Everything from the line with "Con salsa de" to the line with "En 2022 han" in the listing below, both lines included, needs to be copied exactly, apart from the pictures.

→ Records to use:
= Beginning of Section =

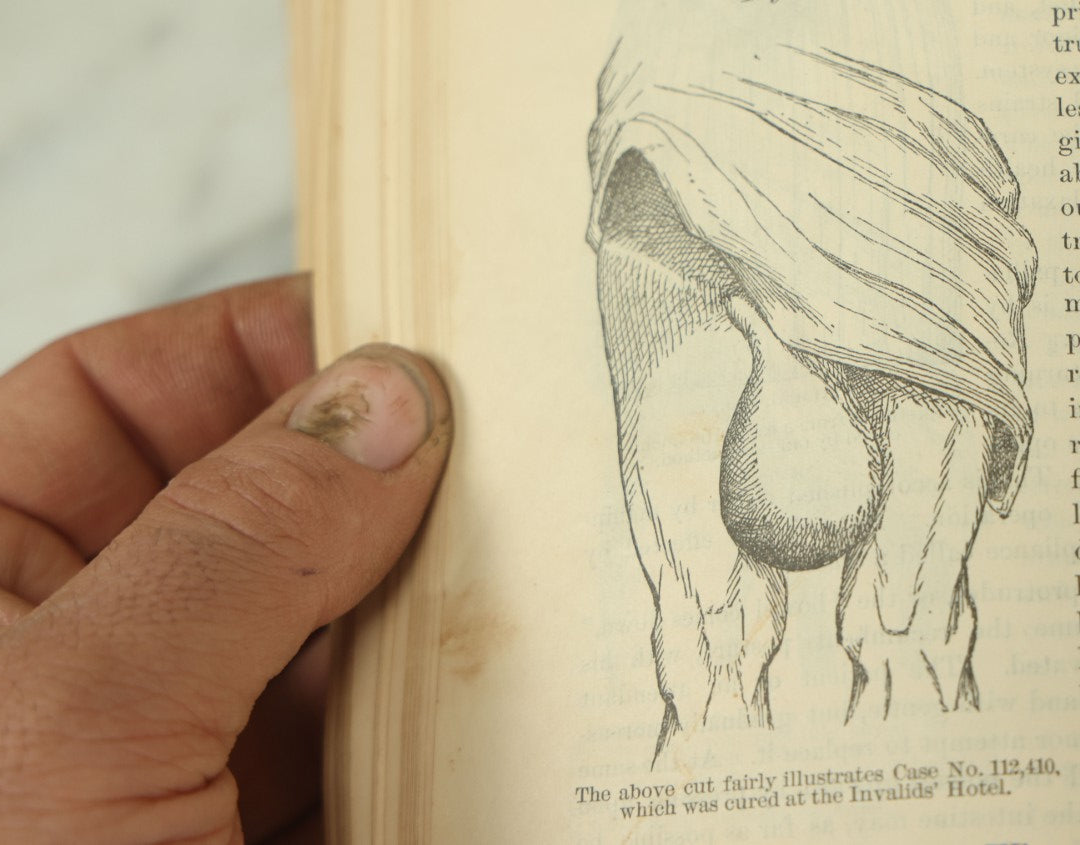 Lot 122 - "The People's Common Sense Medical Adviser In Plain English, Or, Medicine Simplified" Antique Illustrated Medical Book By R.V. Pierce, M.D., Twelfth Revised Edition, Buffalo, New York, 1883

= End of Section =
= Beginning of Section =

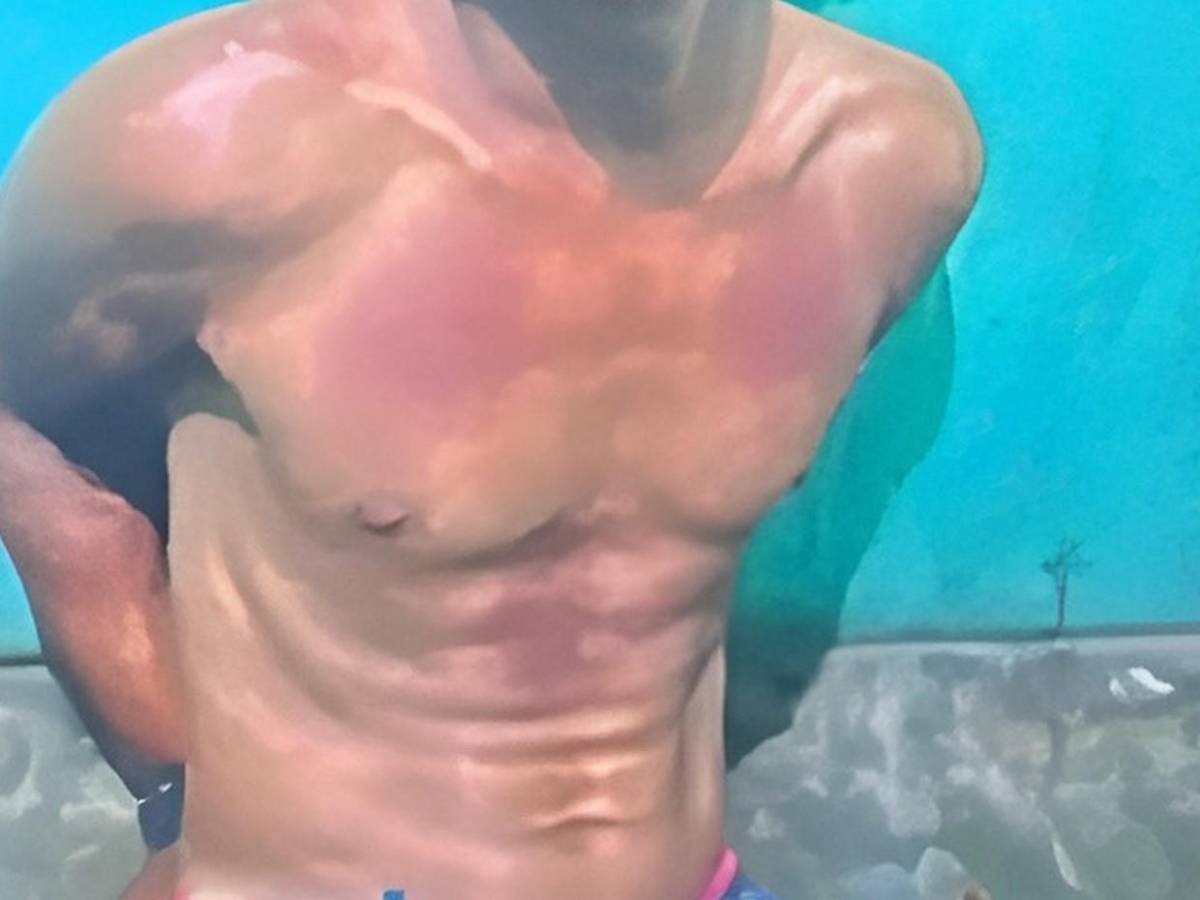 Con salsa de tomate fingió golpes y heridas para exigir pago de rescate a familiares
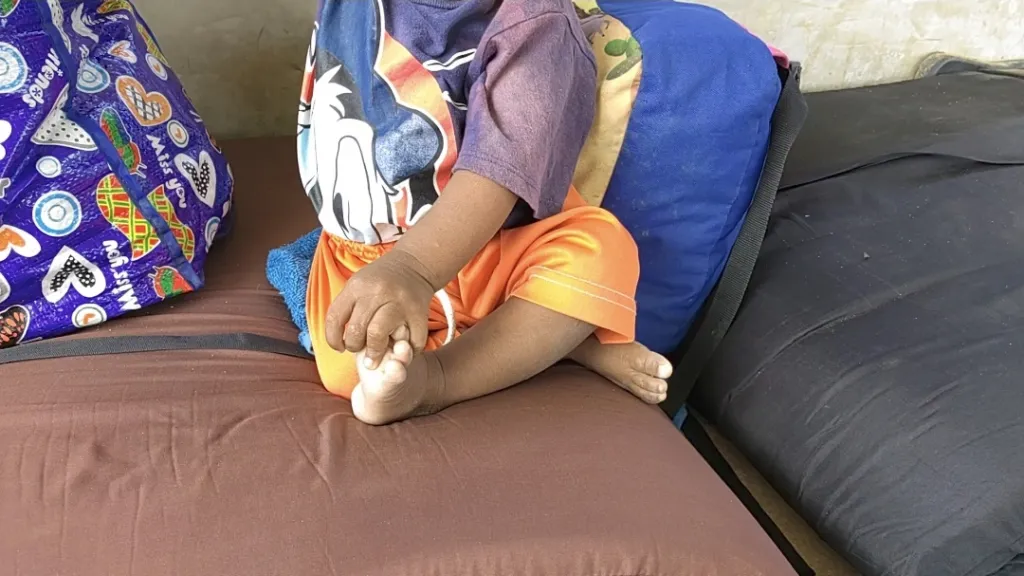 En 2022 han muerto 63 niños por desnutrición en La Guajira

= End of Section =

→ Result of the exercise:
 Con salsa de tomate fingió golpes y heridas para exigir pago de rescate a familiares
 En 2022 han muerto 63 niños por desnutrición en La Guajira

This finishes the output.